Quantcast

Bay Ridge cyclists renew calls for Verrazzano bike lane amid pandemic

suicide prevention fence
The Verrazzano-Narrows Bridge.
File photo by Steve Solomonson

Bay Ridge bike advocates launched a new petition last week demanding the Metropolitan Transportation Authority and Gov. Andrew Cuomo turn one of the 13 car lanes on the Verrazzano Bridge into a cycling and pedestrian path, citing a surge in cycling across the city during the COVID-19 pandemic.

“The fact that none of the 13 lanes is used for bikes right now is especially horrifying because we have a global pandemic where more people are out on their bikes,” said the petition’s creator Anna Lise Jensen, a co-founder of the advocacy group Bike South Brooklyn. “If there’s still passivity from the MTA and the governor, it’s inexcusable at this moment and time.”

The initiative has garnered just over 100 signatures since its launch, which came shortly after a maverick cyclist was spotted biking across the Ridge-to-Rock span on Aug. 12, the Staten Island Advance reported at the time.

While the brave biker’s stunt didn’t directly spur Jensen’s recent call to action, she said the daredevil was a “folk hero” who showed how easy it could be to open the double-decker connector to non-drivers.

“He completely showed that it can be done. It was very inspiring to a lot of people,” she said.

Bike South Brooklyn in 2019 pushed the MTA to close the outermost lower-deck lane on the bridge’s Staten Island-bound side to car traffic — the same section the anonymous cyclist used last week.

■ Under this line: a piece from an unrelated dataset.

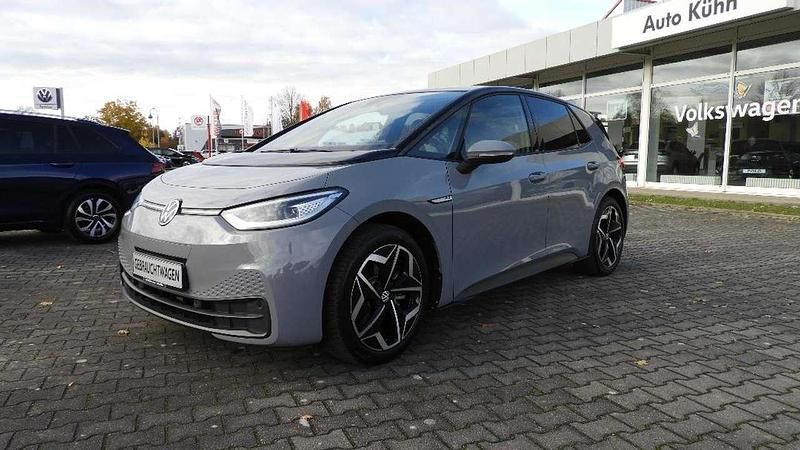 Mondsteingrau/schwarz Gebraucht 2021 VW ID.3 Kleinwagen | 22.985 € (Guter Preis) - Bild 1/4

The advocates wanted the lane to open to cyclists and pedestrians as a sort of Summer Streets program for the bridge, arguing that it wouldn’t cost much because the Authority could use the existing on ramp at 92nd Street in Bay Ridge and an exit at Fort Wadsworth on the Rock — a far cheaper option than the MTA’s $300-400 million estimate to build an entirely new pathway from 2015.

Bike South Brooklyn proposed in 2019 that the on ramp at 92nd Street could serve as an entrance for cyclists onto the Verrazzano Bridge.Bike South Brooklyn

The city’s Department of Transportation undertook a similar effort on the Pulaski Bridge between Greenpoint and Queens in 2016, creating a two-way bike path on a former car lane after pushes by residents and local pols.

Bike South Brooklyn’s detailed plans reportedly garnered the support of local state Sen. Andrew Gounardes, but the proposal fell on deaf ears at the MTA, according to Brian Hedden, another co-founder of the group who organized the 2019 initiative.

“The MTA stands out as it operates the greatest number of the major inter-borough bridges for the outer boroughs in the NYC region — and they have the most hostile policy towards cyclists in bridges,” Hedden said.

Advocates want the outermost lane on the Staten Island-bound side to be repurposed for bikes and pedestrians.Bike South Brooklyn

The southern cyclist has pedaled across the span three times — each during the one chance a year it legally opens to bikers, the Five Borough Bike Tour — which he says takes about 13 minutes and offers spectacular views of the New York Harbor. 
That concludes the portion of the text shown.